Sementara penjelasan tentang “bergegnung” adalah
sebuah seni berkomuniksasi satu pihak dengan pihak yang lain yang melibatkan
seluruh potensi diri dengan tujuan untuk saling mempengaruhi, mempengaruhi
untuk satu tujuan, bagaimana menempatkan diri sebagai sosok yang mempunyai
magnet yang dibutuhkan, dibutuhkan untuk menjadi jembatan perubahan bagi
masyarakat arus bawah.
Setelah menamatkan sekolah di tingkat sarjana pada tahun
2005 Udien muda nan intelektual, sah menyandang gelar Sarjana Ilmu Politik,
dengan nama lengkap Safaruddin S. Sos., mulai terjun dalam dunia politik.
Menjadi
bagian dari pemenangan kandidat bupati di usia muda, diperhitungkan sebagai
orator yang mampu menyampaikan orasi politik, panggung politik mulai mengenal
namanya. Nama Dhien Kalloen tidak asing lagi bagi generasi muda Aceh Barat
Daya.
Dhien Kalloen adalah sosok anak muda kritis disa’at yang lainnya masih
belum muncul sifat keberanian secara frontal, untuk memperkenalkan diri sebagai
cikal bakal politisi dengan segenap pengalamannya di dunia pendidikan, bergelut
dengan berbagai ancaman semasa menjadi aktifis di era ganasnya suhu politik pasca
reformasi.
Gagal mengantarkan kandidat dukungannya, pada pilkada
pertama sekali untuk memilih Kepala Daerah, Ir. Fakhruddin Muhdi harus kandas
diputaran pertama, calon bupati defenitif pertama pada tahun 2007.
Langkah gerakan
politik Udien untuk mengantarkan Abdya satu terhenti, kandas diputaran pertama.

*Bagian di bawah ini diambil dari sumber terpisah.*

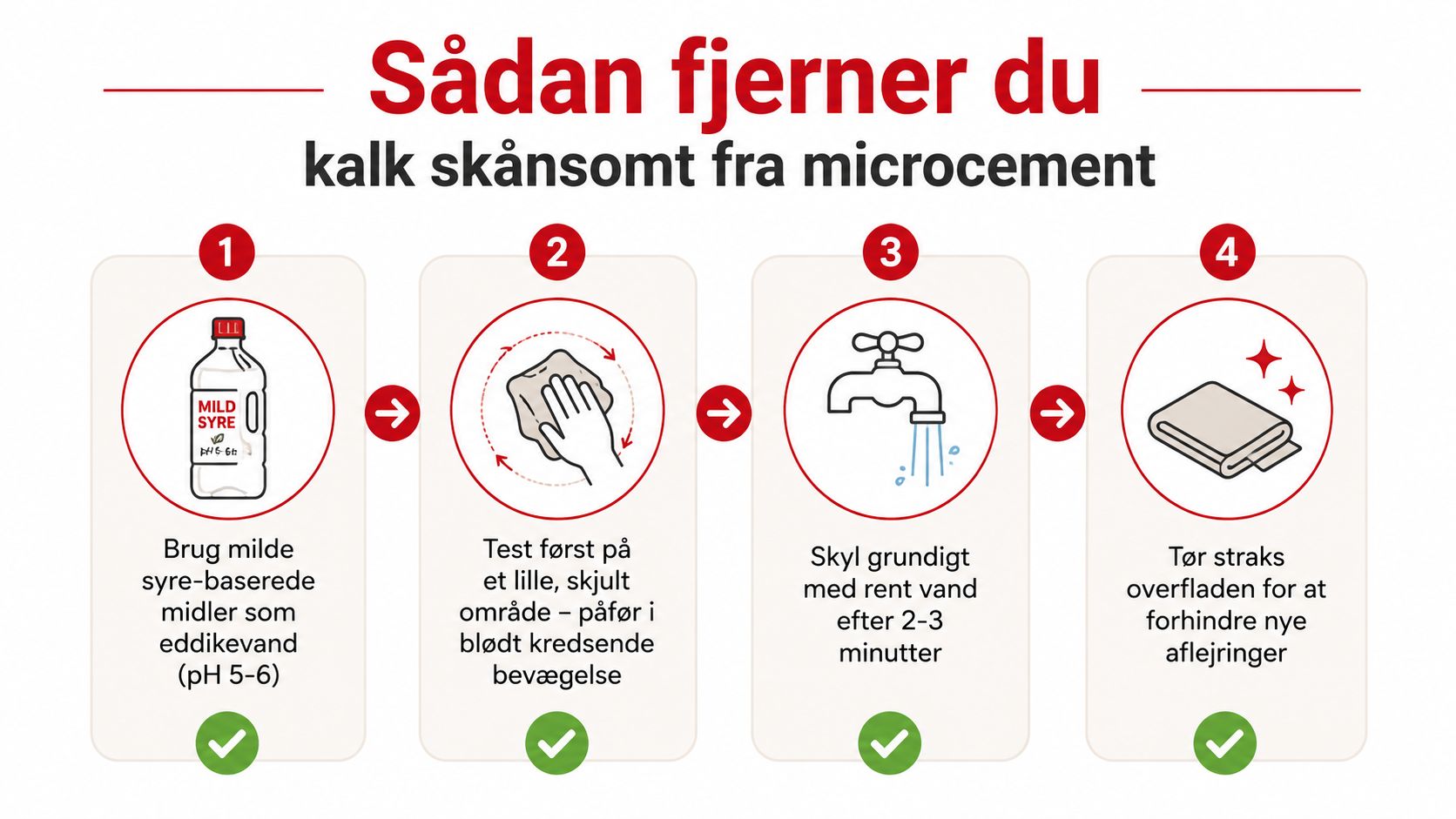 En vejledning i fire trin til hvordan man skånsomt fjerner kalk fra overflader med microcement.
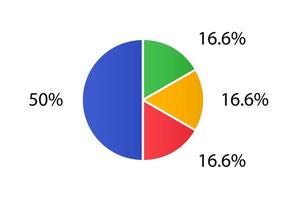 diagrama de ciclo para infográficos. gráfico de pizza 2D. vetor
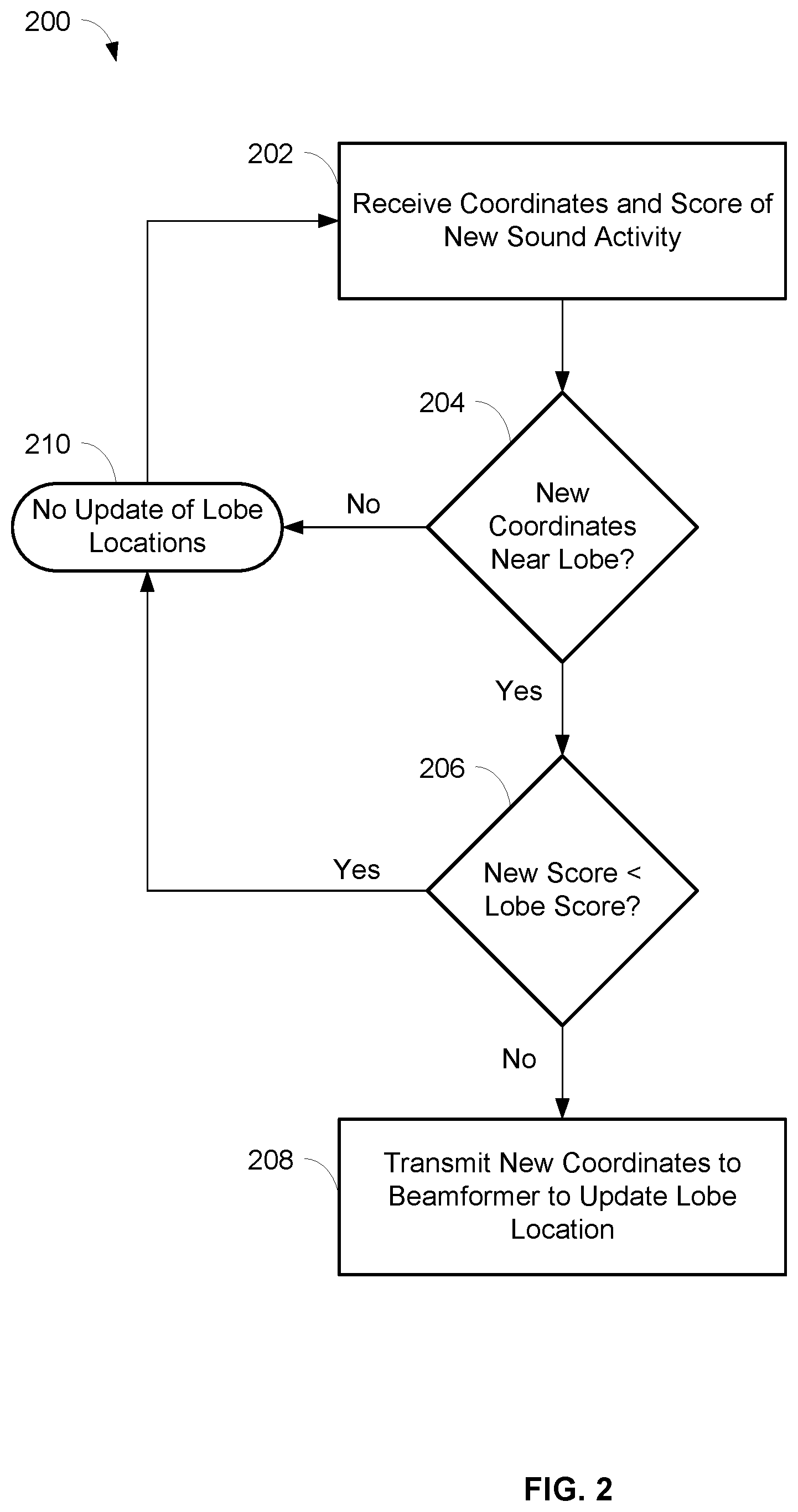 Patent US11778368 Figure 2 – Auto focus, auto focus within regions, and auto placement of beamformed microphone lobes with inhibition functionality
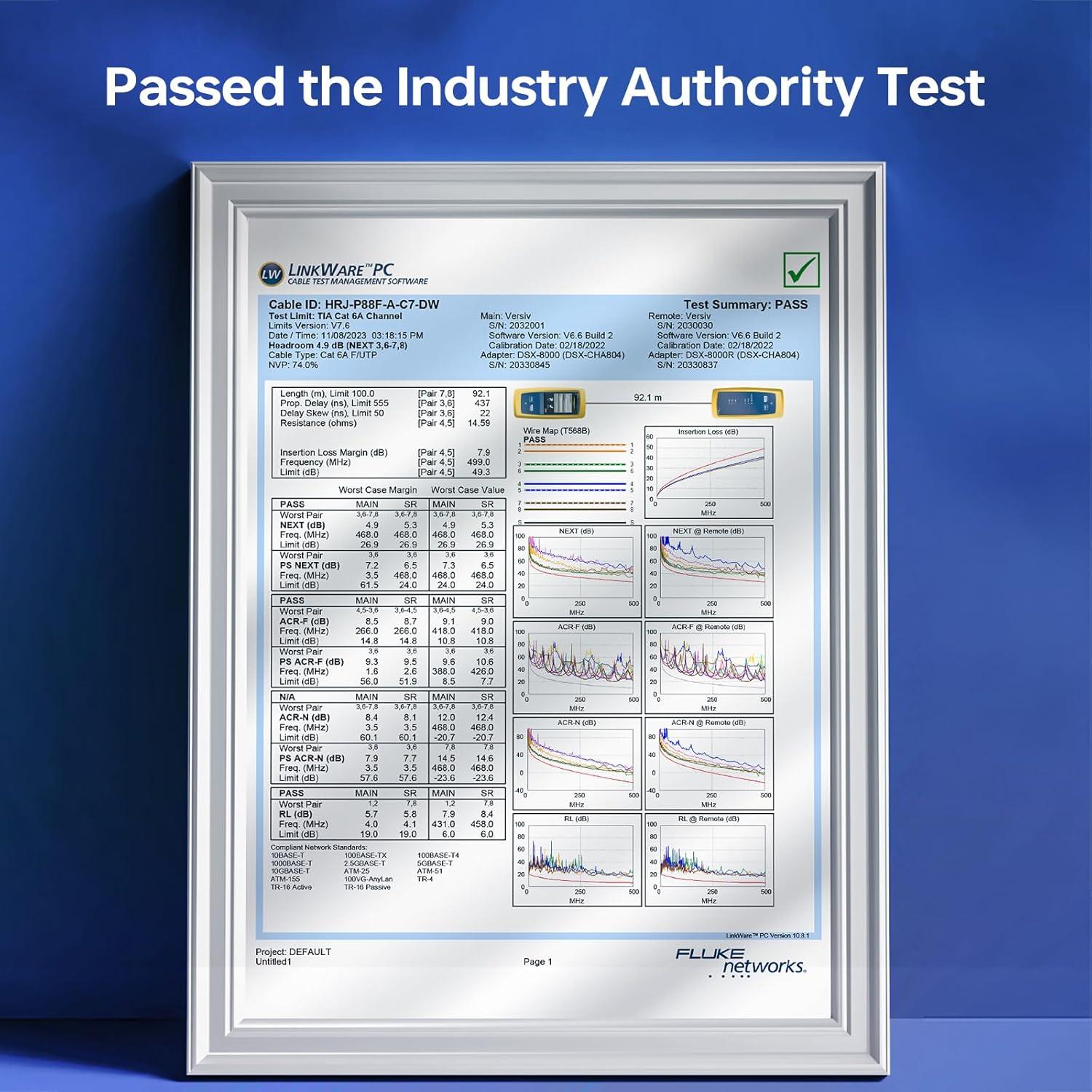 Conectores RJ45 Sin Herramienta CNCOB 10Gbps Cat6 Cat7 2Pcs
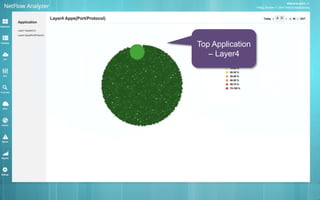 Top Application 
– Layer4 
 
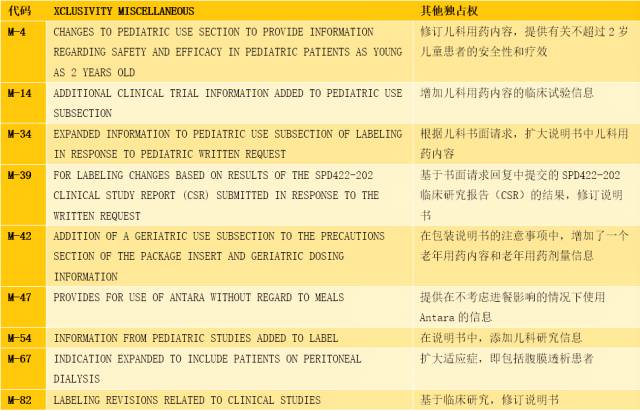 【橙皮书解读】美国FDA橙皮书系列之五——橙皮书药品专利纳入原则及独占期代码简介
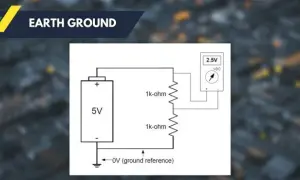 Co to jest masa w elektryce i dlaczego jest tak ważna w obwodach?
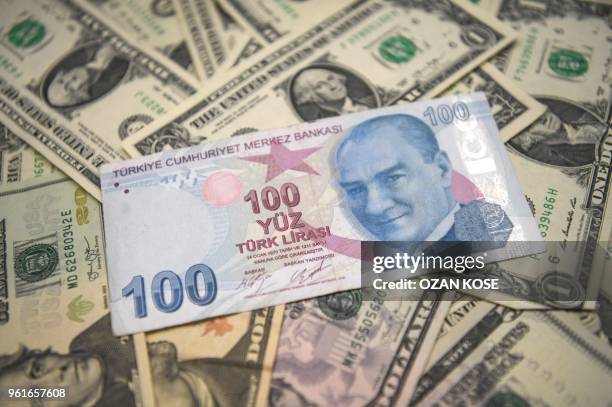 turkish dollars to us dollars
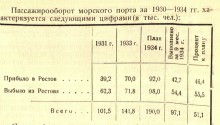 Ростов на Дону в 1934 г.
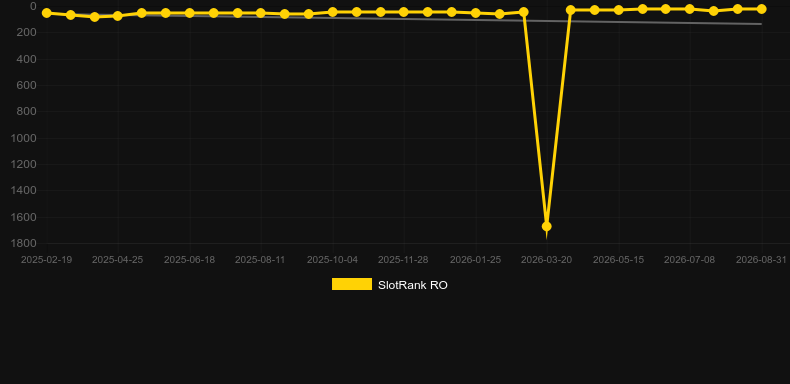 Premium European Roulette (Playtech). Grafico del gioco SlotRank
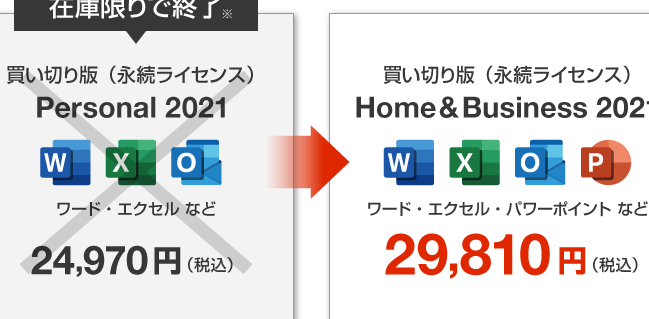 Wordの価格と購入方法｜最新バージョンと永続ライセンス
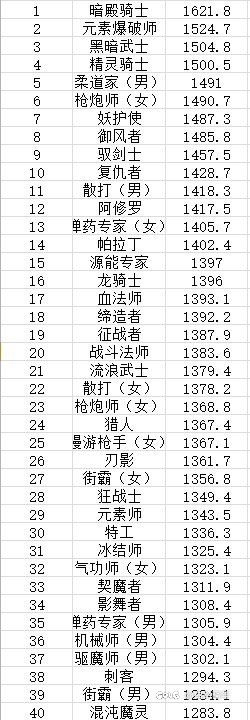 冠绝九剑！1
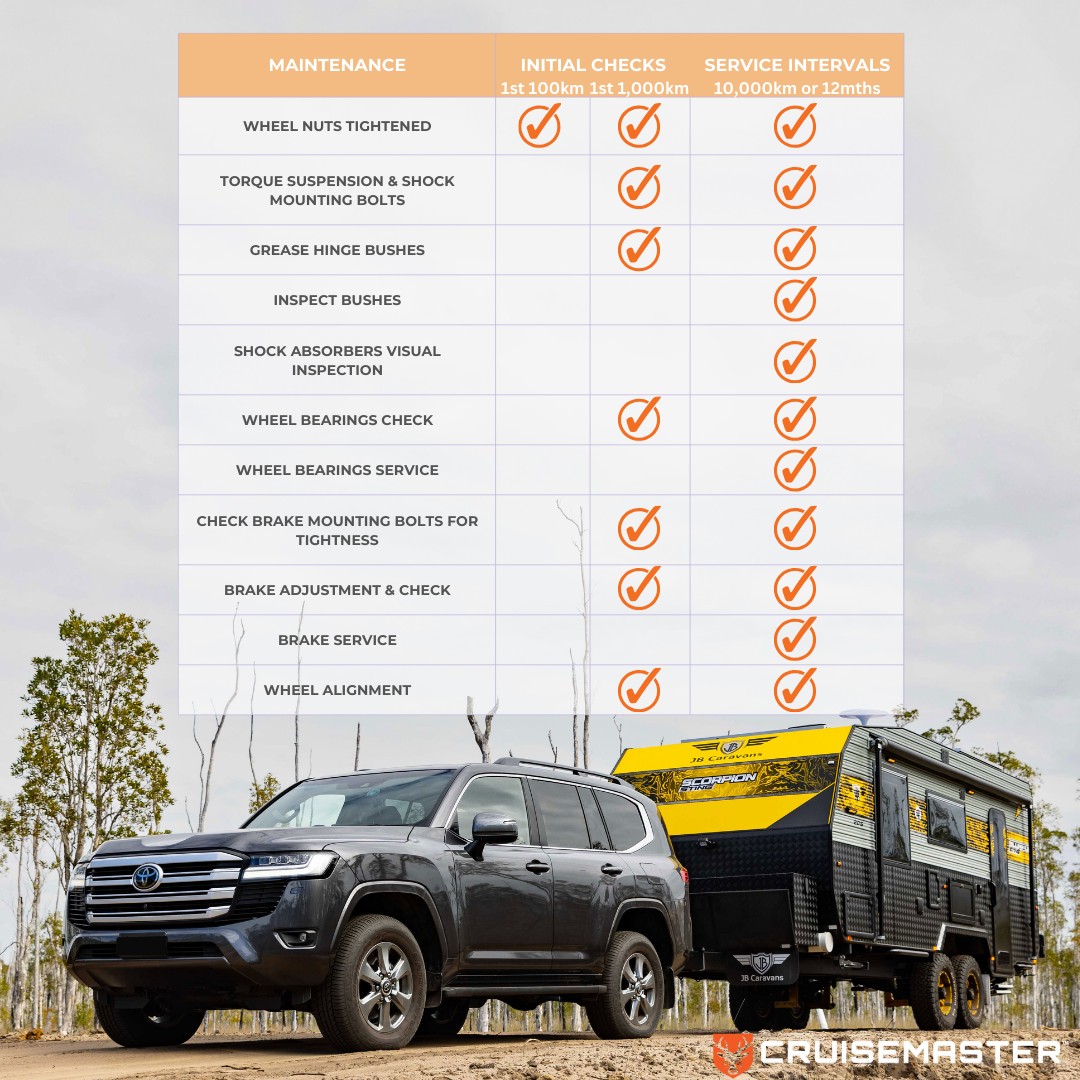 Caravan Suspension maintenance Frequency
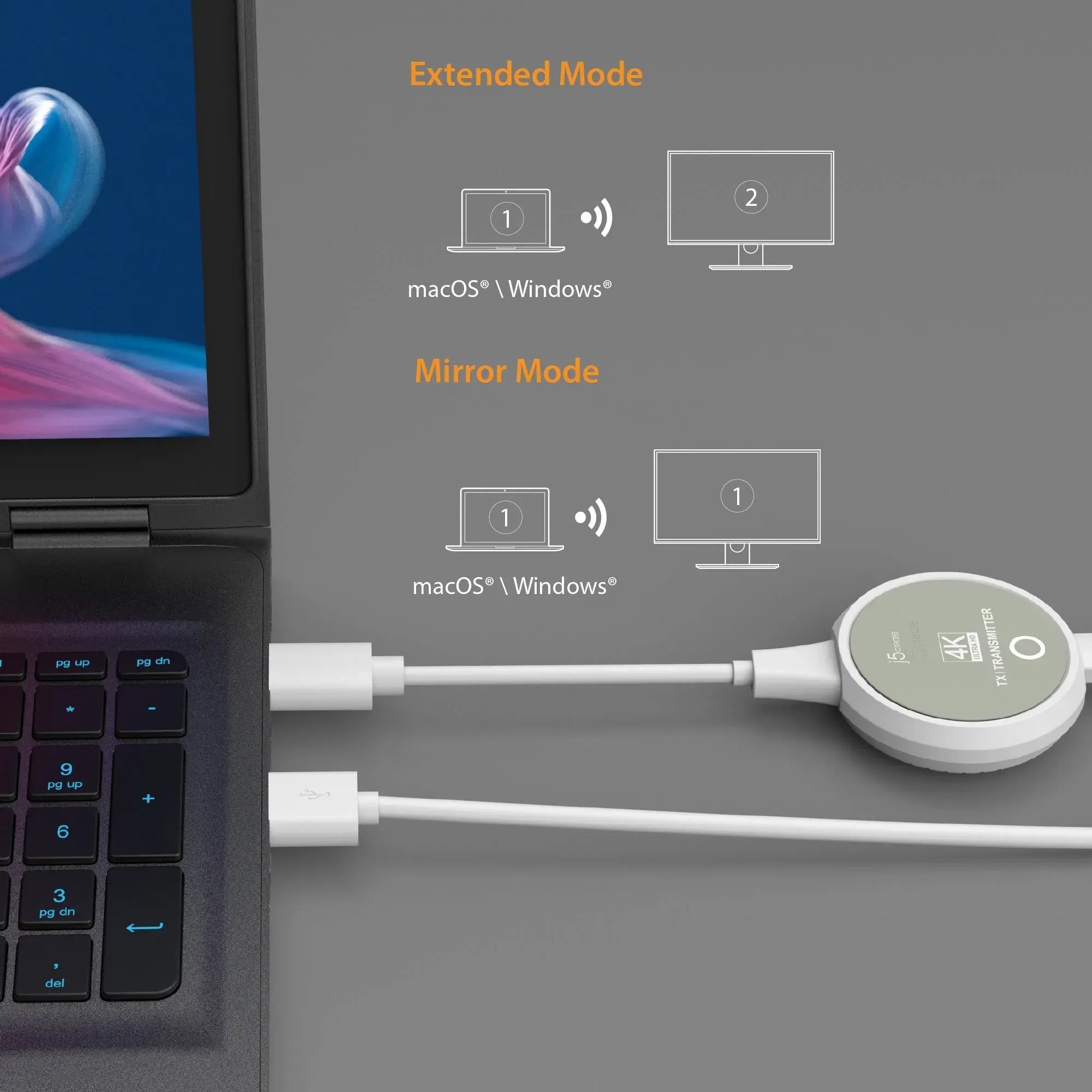 j5 create 4K JVAW575 - безжичен HDMI удължител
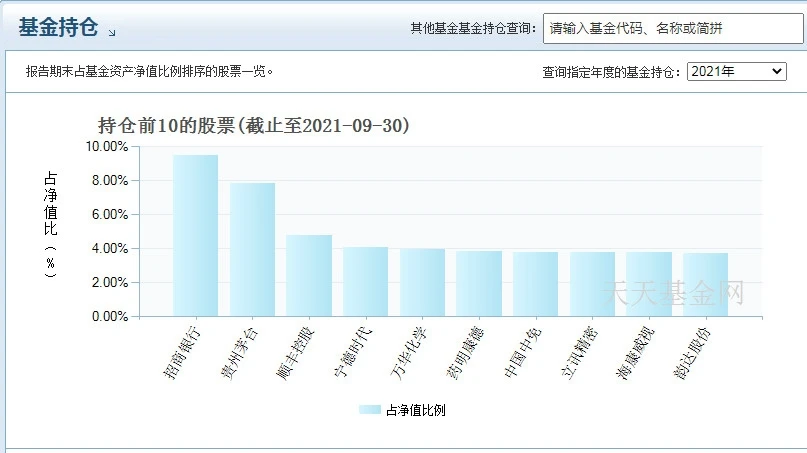 劳杰男管理的基金有哪些 劳杰男管理基金盘点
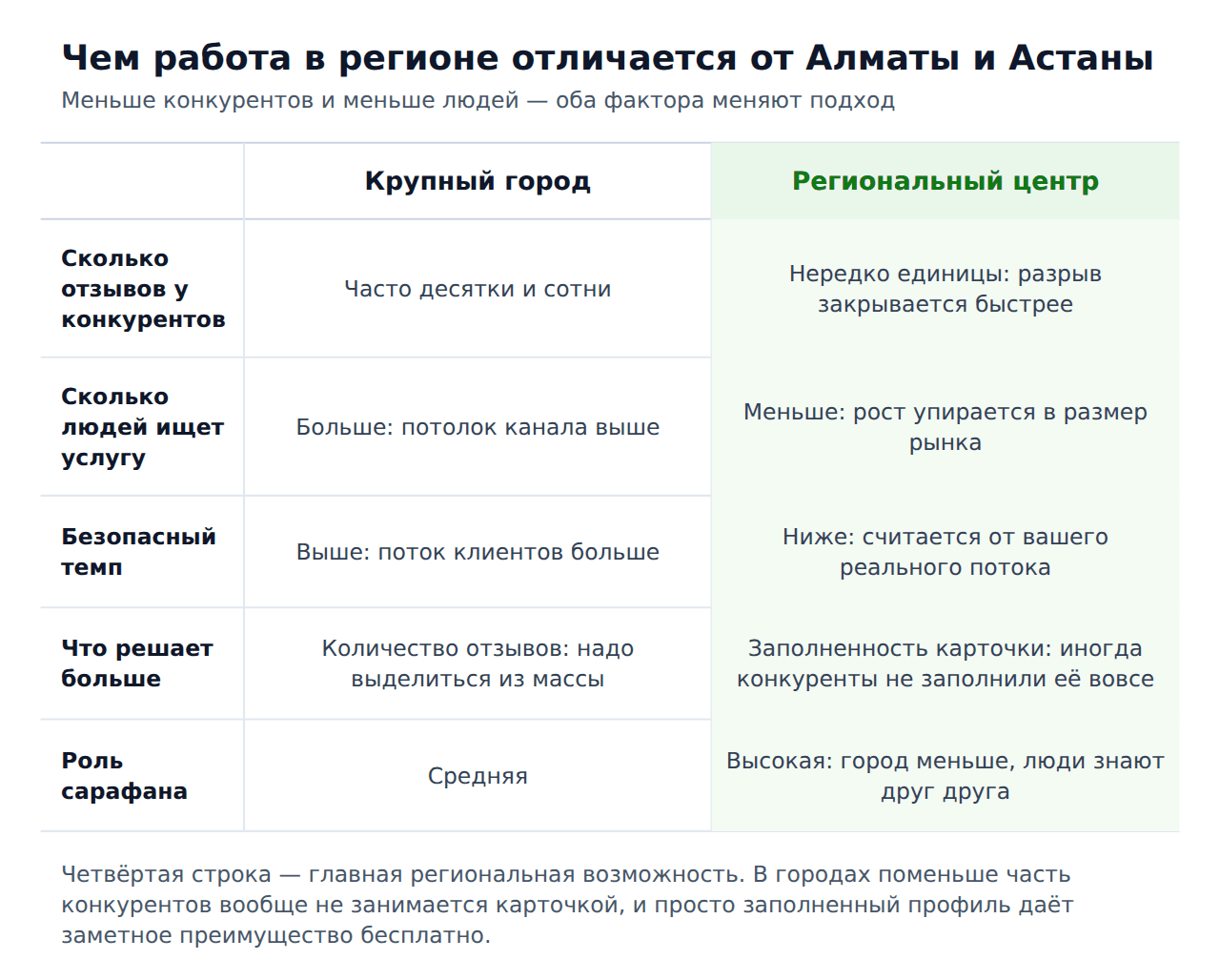 Накрутка 2гис в регионах Казахстана — отличия от крупного города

Langkah berikutnya, Udien bersama tim pemengannya mengarahkan segenap potensi
untuk mendukung salah satu kandidat yang bertarung kembali pada putaran
kedua.
Sistem pilkada dua fase ini
dilaksanakan sesuai dengan peraturan pemilu dikala itu, bagi kandidat yang
bertarung tidak mampu memperoleh suara lima puluh persen ples satu, maka
kontestan pemilihan akan diulang kembali, dengan jumlah peserta yang bertarung tersisa
dua kandidat. Sudah menjadi aturan yang harus diikuti oleh peserta pilkada, bertarung
kembali kandidat yang berada pada urutan satu dan dua pemilu kada putaran pertama.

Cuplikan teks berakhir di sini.